Nagios 2.0 performance

Marc Powell marc at ena.com
Sun Sep 12 18:40:41 CEST 2004
Previous message: Nagios 2.0 performance
Next message: ping output error in 1.4a plugins in Fedora Core 2
Messages sorted by: [ date ] [ thread ] [ subject ] [ author ]

> -----Original Message-----
> From: nagios-users-admin at lists.sourceforge.net [mailto:nagios-users-
> admin at lists.sourceforge.net] On Behalf Of Andreas Ericsson
> Sent: Sunday, September 12, 2004 9:25 AM
> To: nagios-users at lists.sourceforge.net
> Subject: Re: [Nagios-users] Nagios 2.0 performance


> > Unless I'm being dense, this is my understanding of just what the
event
> > broker is designed for.
> 
> Problems with the eventbroker;
> * It allows a module to schedule events, but not to receive them (if I
> read the example code correctly). This allows for the crude sort of
SQL
> used earlier which deletes and recreates an entire table in one go,
but
> not for anything more clever than that (like using a persistent db
> connection and just executing REPLACE statements for updated statuses
> every 10 seconds).

My understanding from what used to be on upcoming.php and several emails
is that a module would register to receive host and service data for
example, when a host or service check was completed, a copy of that
information would be used by nagios and a copy would be sent to the
registered module to do whatever it wanted with it. Whether the module
could maintain a persistent DB connection is unclear to me simply
because nothing about the event broker daemon has been documented yet.
Unless the devil is in the details, looking at module/helloworld.c,
include/nebcallbacks.h, include/nebstructs.h, base/broker.c, nebmods.c
and most importantly checks.c seems to clearly show to me that the event
broker sends status info to the modules as checks are completed, for
that check only, not schedule them and I don't see (with non programmers
eyes) why you couldn't create the DB connection in the nebmodule_init
function and break it down in the nebmodule_deinit functions that are
called at nagios start and nagios stop respectively. Search for
broker_service_check in checks.c and follow it from there if you like.

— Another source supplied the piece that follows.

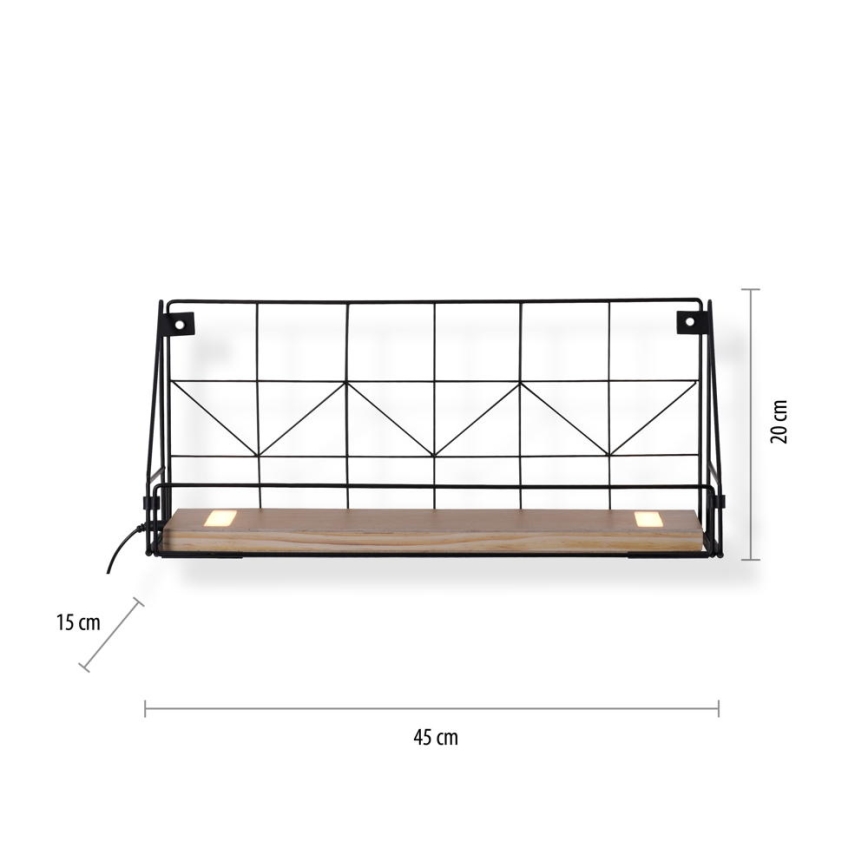 Leuchten Direkt 15277-18 - Полка со светодиодной подсветкой BOARD 2xLED/1,75W/230V 45 см эвкалипт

> * Sloppy code in the eventbroker may damage stability of the core
nagios.

Are you speaking about the event broker itself or a registered module?
If it's in the event broker, that would be considered a bug in Nagios
and should be treated as such. This is no different than sloppy code in
the check logic doing the same. If a module, evolutionary theory would
state that such a module wouldn't be around long or see widespread use
unless the author cleaned it up.
 
> * Messages still have to be formatted using snprintf (or the
crash-prone
> sprintf, since snprintf isn't available on all systems). The function
I
> submitted took care of this 'in-house', using va_arg (works with
std=c89).

I'm not a programmer by trade so I can't address this. 

> * The eventbroker is extremely poorly documented, and won't even build
> without patching on anything less than glibc 2.3 (in fact, making
Nagios
> 2.0 build at all on glibc 2.1 requires some patching).

I would expect that's because documentation isn't complete yet as has
been clearly stated a number of times. There are many things about 2.0
that are poorly documented at this point in time. That is one of the
reasons it hasn't been released as beta yet. As far as building on glibc
< 2.3, I can't speak to that either other than to say that a few months
ago I successfully built 2.0 on a redhat 7.3 box with 2.2.5 with no
problems.

> * There's no guarantee an eventbroker anybody writes will work with
> future versions of Nagios. The entire system seems to be designed to
let
> everybody plug in their own version without ever letting any of them
in
> to the core-tree.

I'm not entirely clear on what you mean here. Sure, nagios checks the
API version of the module to make sure that it matches it's API version
but if the API is set and doesn't change between versions of nagios then
there's no problem. If the API does change, you make whatever changes
are necessary to be compatible, which may be as simple as updating your
API number to match if the changes to the API didn't affect your module.
Of course, the hope is that once it is set, the API _doesn't_ change
unless new status reporting features are added. I believe that the
status formats have been stable for a very long time. I see no reason to
believe that it would change between minor or even major versions.  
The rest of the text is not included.